2.2 Storage and metabolism of 5-HT

The majority of 5-HT synthesised peripherally by EC cells is absorbed by platelets after being released into blood plasma via a serotonin reuptake transporter (SERT/SLC6A4), with less than 1% of serotonin circulating in the blood in an unbound state.^{20, 21} Platelets, as the main circulating reservoir of serotonin, have little ability to produce serotonin.^{22, 23} Generally, the serum serotonin level is typically maintained within the range of 1−5 ng/mL, but it can increase up to 1000-fold when released from platelet dense granules at sites of inflammation or injury.^{24, 25} Intracellular serotonin sequestration facilitated by the vesicular monoamine transporter shields it from monoamine oxidase (MAO)-mediated enzymatic degradation.²⁶ MAO metabolises 5-HT into 5-hydroxyindoleacetic acid, that is, primarily eliminated through urine.

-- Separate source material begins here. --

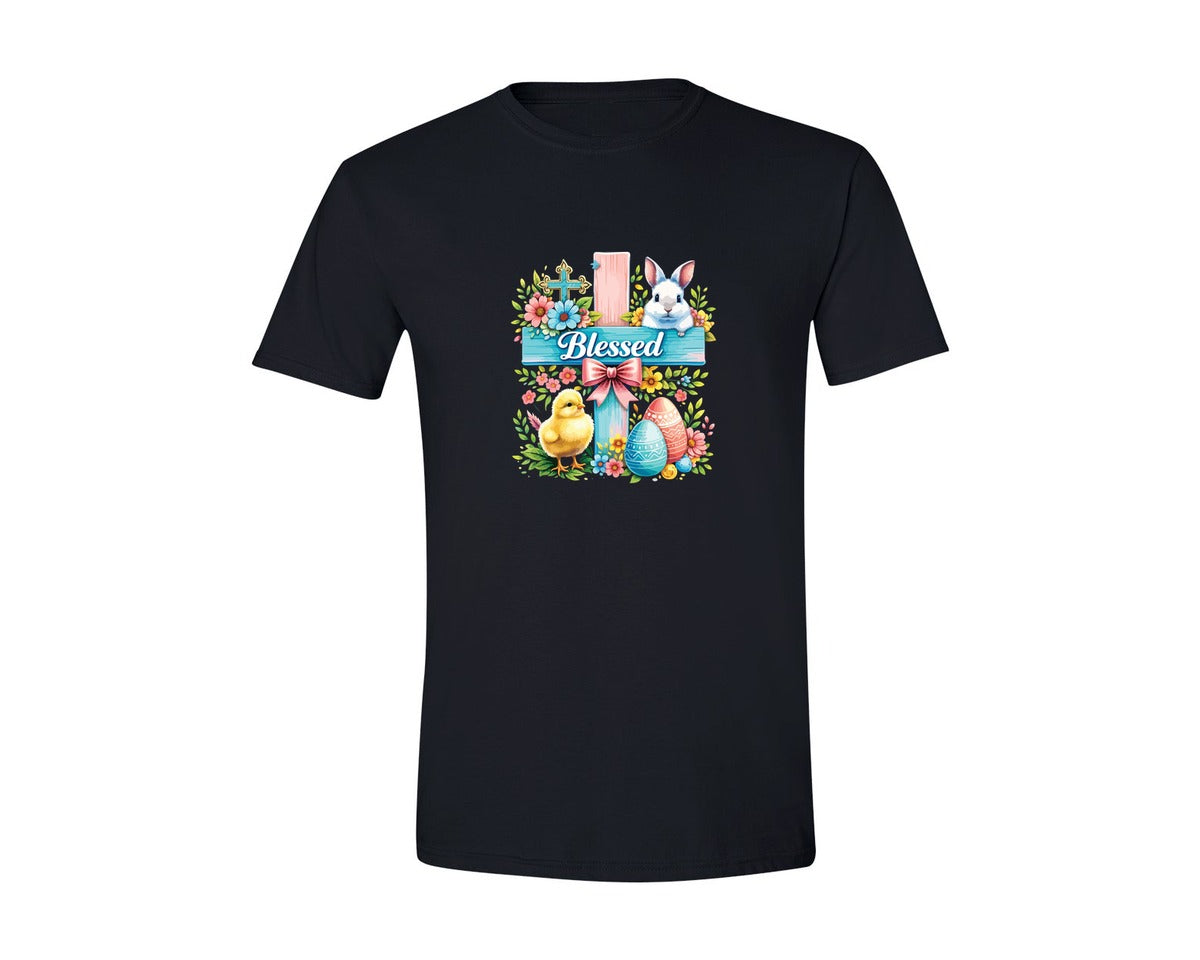 brand:Generic|color:Black|Easter Day T Shirt 2 Graphic T-Shirt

The GI tract, brain and platelets are major sites where MAO activity exists. In addition, serotonin undergoes minor metabolic pathways such as glucuronidation and sulphation, which takes place in the liver, lung, kidney and brain.²⁷ Within the CNS, MAO-mediated metabolism occurs in the cytosol of the neuron, whereas in the pineal gland, serotonin is converted into melatonin through an alternative pathway. Due to its inability to penetrate the blood‒brain barrier, the central and peripheral serotonin systems are anatomically and functionally separate.²⁸

3 FUNCTIONAL MODES OF SEROTONIN

3.1 Serotonin receptor families

Our understanding of serotonin's function has significantly broadened over the last 20 years with the cloning of over 15 serotonin receptors, categorised into seven families based on the genetics and signalling mechanisms.²⁹ Most receptors exhibited heterogeneity and were further subclassified. Of the families, 5-HTR3 is distinctive since it engages a ligand-gated Na⁺/K⁺ ion channel, while the rest six subtypes belong to the G-protein-coupled receptors.³⁰ Generally, the 5-HTR1 (1A-1F) and 5-HTR5 (5A/5B) families couple via inhibitory Gαi/o proteins and suppress adenylyl cyclase, resulting in the reduction of cyclic adenosine monophosphate (cAMP) levels. HTR1A exhibits cell type-specific variations in its signalling repertoire, including extracellular signal-regulated kinase 1/2 (ERK1/2), phosphoinositide 3-kinase/protein kinase B (PI3K/AKT) and phospholipase C/protein kinase C (PLC/PKC). Whereas 5-HTR4/6/7 activate adenylyl cyclase, increasing cAMP activity. In addition, 5-HTR2 stimulates intracellular calcium signalling by activating PLC.^{31, 32} The distribution and subcellular location of diverse 5-HTRs are crucial for determining the specific paracrine effects of 5-HT. The complexity of serotonergic signalling is manifested by the activity of various 5-HTRs that integrate multiple inputs into converging or diverging signals, ultimately resulting in a wide spectrum of physiological effects (Figure 2).

3.2 Serotonin transporter

The effects of 5-HT rely on its availability, which is determined in part by the SERT. SERT uses sodium to transport monoamine and is accountable for clearing free serotonin from the extracellular space, thereby terminating the subseuent impacts of 5-HTR activation. In the CNS, the depolarisation of neurons leads to the release of serotonin into the synaptic cleft, where it attaches to either postsynaptic 5-HTR or presynaptic SERT.³³ The interaction with SERT functions as a negative feedback mechanism, restraining additional serotonin discharge into the synaptic cleft.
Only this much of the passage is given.